The major effect of leptin was on appetite, with normalization of hyperphagia. Leptin therapy reduced energy intake during an 18 MJ ad libitum test meal by up to 84% (Fig. 4.2a). We were unable to demonstrate a major effect of leptin on basal metabolic rate or free‐living energy expenditure (Fig. 4.2b) but, as weight loss by other means is associated with a decrease in basal metabolic rate (BMR) [35], the fact that energy expenditure did not fall in our leptin‐deficient subjects is notable.
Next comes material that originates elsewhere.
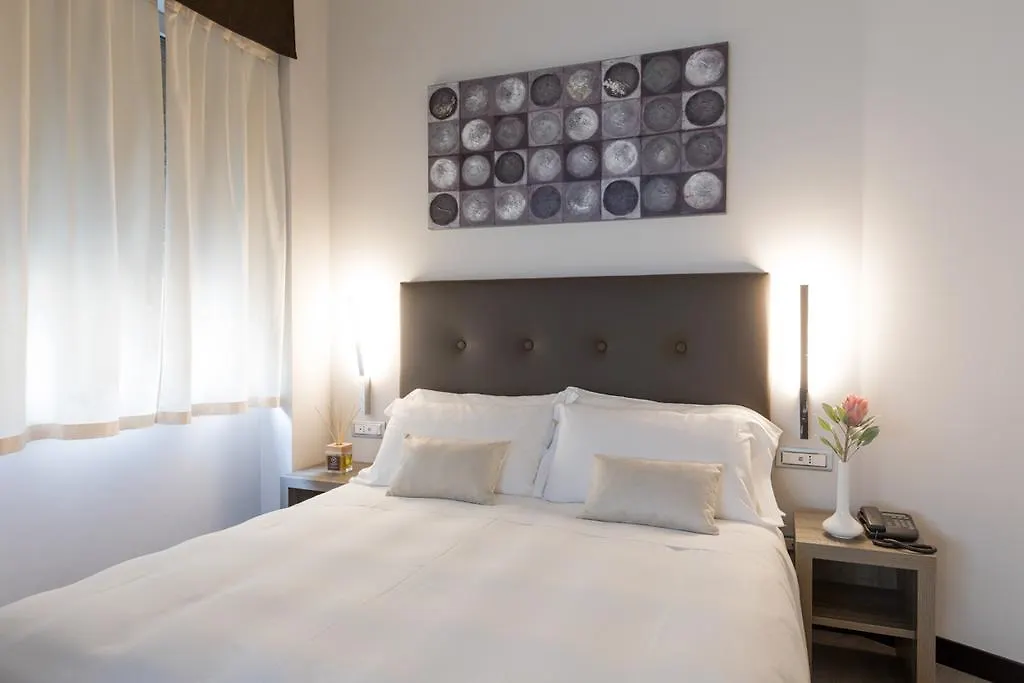 Hotel Mentana, By R Collection Hotels Милан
The administration of leptin permitted progression of appropriately timed pubertal development in the single child of appropriate age and did not cause the early onset of puberty in the younger children (Fig. 4.3) [30]. Free thyroxine and thyroid‐stimulating hormone (TSH) levels, although in the normal range before treatment, had consistently increased at the earliest post‐treatment time point and subsequently stabilized at this elevated level [30]. These findings are consistent with evidence from animal models that leptin influences thyrotropin‐releasing hormone (TRH) released from the hypothalamus [36] and from studies illustrating the effect of leptin deficiency on TSH pulsatility in humans [37].
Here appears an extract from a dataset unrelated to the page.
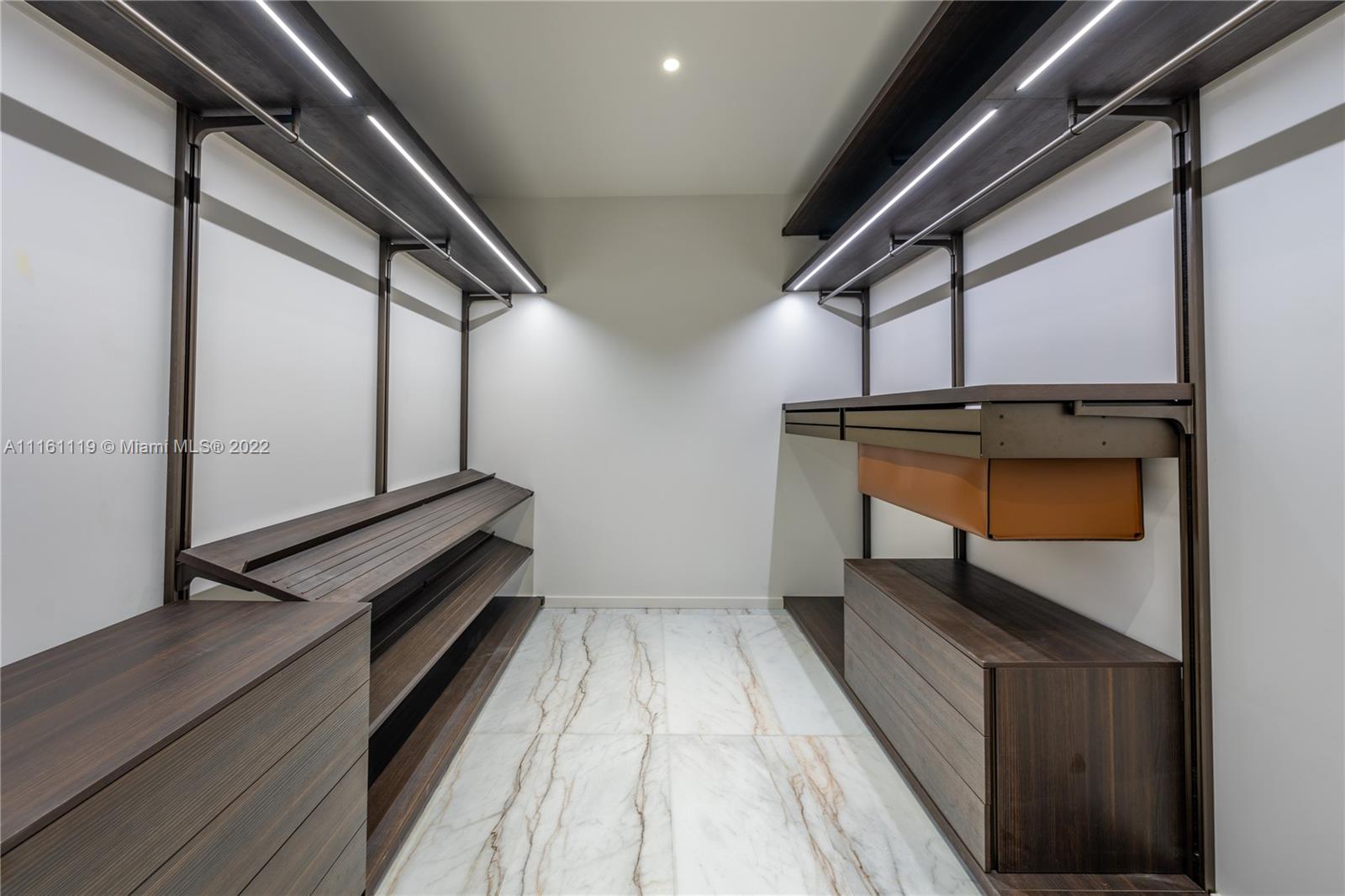 2000 Ocean - Residential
Throughout the trial of leptin administration, weight loss continued in all subjects, albeit with refractory periods, which were overcome by increases in leptin dose. The families in the United Kingdom harbor a mutation that leads to a prematurely truncated form of leptin, and thus wild‐type leptin is a novel antigen to them. Thus, all subjects developed anti‐leptin antibodies after ∼6 weeks of leptin therapy, which interfered with an interpretation of serum leptin levels and, in some cases, were capable of neutralizing leptin in a bio‐assay. These antibodies are the likely cause of refractory periods occurring during therapy. The fluctuating nature of the antibodies probably reflects the complicating factor that leptin deficiency is itself an immunodeficient state and administration of leptin lead to a change from the secretion of predominantly Th2 to Th1 cytokines, which may directly influence antibody production. Thus far, we have been able to regain control of weight loss by increasing the dose of leptin.